L’auteur, Mahdi Boukhalfa, revient en détail sur cet épisode en s’appuyant sur des sources historiques et des témoignages rares, notamment celui d’un marin rescapé. Son enquête éclaire les circonstances réelles de cette catastrophe et déconstruit un récit devenu folklore, notamment alimenté par des écrivains et journalistes français au XXᵉ siècle.
Le Banel quitte Toulon le 9 janvier 1802 en direction de Saint-Domingue, emportant à son bord un contingent militaire destiné à renforcer l’expédition coloniale française dans les Antilles. Mais le navire ne franchira jamais l’Atlantique. Pris dans une tempête violente, il fait naufrage quelques jours plus tard sur une crique reculée des côtes algériennes, entre Ténès et Beni Haoua, à Oued Goussine, dans la baie de l’Ancre ou « Hadjrett de Kiouane » dans l’immense baie des Souahlias.
À bord, cinq femmes clandestines, Marie Dubois, Thérèse Mace, Monica Vico, Maria Pavan et Catherine Rone, espéraient rejoindre la Louisiane. Leur destin bascule brutalement, survivantes du naufrage, elles sont capturées par les tribus locales et intégrées à leur mode de vie. Loin d’être des religieuses hollandaises, comme l’ont prétendu certains récits, elles étaient des aventurières en quête d’un nouveau départ en Amérique.
Le livre s’attaque à une falsification persistante, l’idée que ces femmes auraient été des nonnes naufragées, victimes d’un sort tragique à Beni Haoua. Une version relayée dans les années 1980-1990 par Alberte Sadouillet Perrin dans Les Rescapées du Banel, ouvrage qui a donné naissance à un mythe relayé par des médias français et des écrivains comme Ghata Khoury (Les Fiancées du Cap Ténès).
Pourquoi cette légende a-t-elle prospéré ? Mama Binette explore les mécanismes de cette réécriture. Dans un contexte où la mémoire coloniale reste un terrain de tensions, certaines histoires sont façonnées pour répondre à des récits préétablis. Ainsi, le naufrage du Banel a été transformé en un drame exotique opposant des Européennes innocentes à un monde perçu comme hostile.

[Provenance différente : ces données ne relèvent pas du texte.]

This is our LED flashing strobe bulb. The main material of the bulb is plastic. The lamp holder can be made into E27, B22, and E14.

Or, la réalité est toute autre. Boukhalfa retrace minutieusement l’après-naufrage et l’intégration de ces femmes dans la société locale. L’une d’elles, Marie Dubois, devint même une figure respectée sous le nom de « Lalla Ouda ». Son souvenir est aujourd’hui perpétué dans un mausolée érigé en 1936 par l’adjoint-maire Bortolotti à Beni Haoua, un lieu de pèlerinage fréquenté par des femmes espérant mariage ou fertilité.

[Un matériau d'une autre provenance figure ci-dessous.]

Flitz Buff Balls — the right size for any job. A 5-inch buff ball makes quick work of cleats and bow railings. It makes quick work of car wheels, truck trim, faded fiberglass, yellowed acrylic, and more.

Le livre interroge aussi la façon dont ces femmes ont été absorbées par la société algérienne. Contrairement à la vision dramatique souvent véhiculée, elles n’ont pas été réduites à un destin tragique mais ont trouvé leur place dans un monde nouveau. À travers cette histoire, Mama Binette met en lumière un phénomène plus large d’assimilation silencieuse dans l’Algérie précoloniale.
En déconstruisant cette légende tenace, Mahdi Boukhalfa invite à une lecture plus critique des récits historiques et met en garde contre les distorsions introduites par les regards extérieurs. Ce livre, solidement documenté et captivant, redonne une place à la vérité dans un récit longtemps déformé par l’imaginaire colonial.
Un mot sur l’auteur
Journaliste et écrivain, Mahdi Boukhalfa s’est imposé comme l’un des rares auteurs algériens à explorer avec rigueur les zones d’ombre de l’histoire nationale et méditerranéenne.

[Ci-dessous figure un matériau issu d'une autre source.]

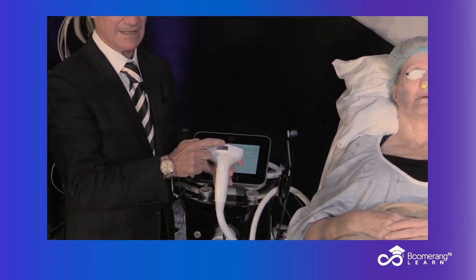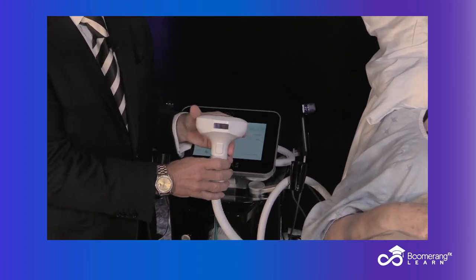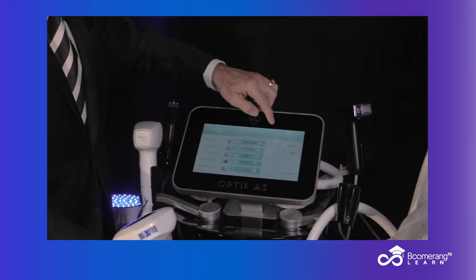You have the light guide. You have the xenon flash lamp. And we're going to go back now.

Né en 1955 à Alger, il a consacré une grande partie de son travail à la déconstruction des récits biaisés, souvent façonnés par des regards extérieurs. Lauréat du prix Savoir de la 10ᵉ JDMF à Paris en 2022 pour Bab El Oued (et ses mille et une vies cachées), il a signé une dizaine d’ouvrages, dont Makhzen, Le Maroc et nous, MC Alger, cent ans de football, La Révolution du 22 février, Khaouty, avancez l’arrière ! et Pavillon Covid-19, cinq jours en enfer.
Avec Mama Binette, il poursuit son entreprise de réhabilitation d’une mémoire trop souvent travestie, s’inscrivant dans une démarche à la croisée du journalisme d’investigation et de la recherche historique.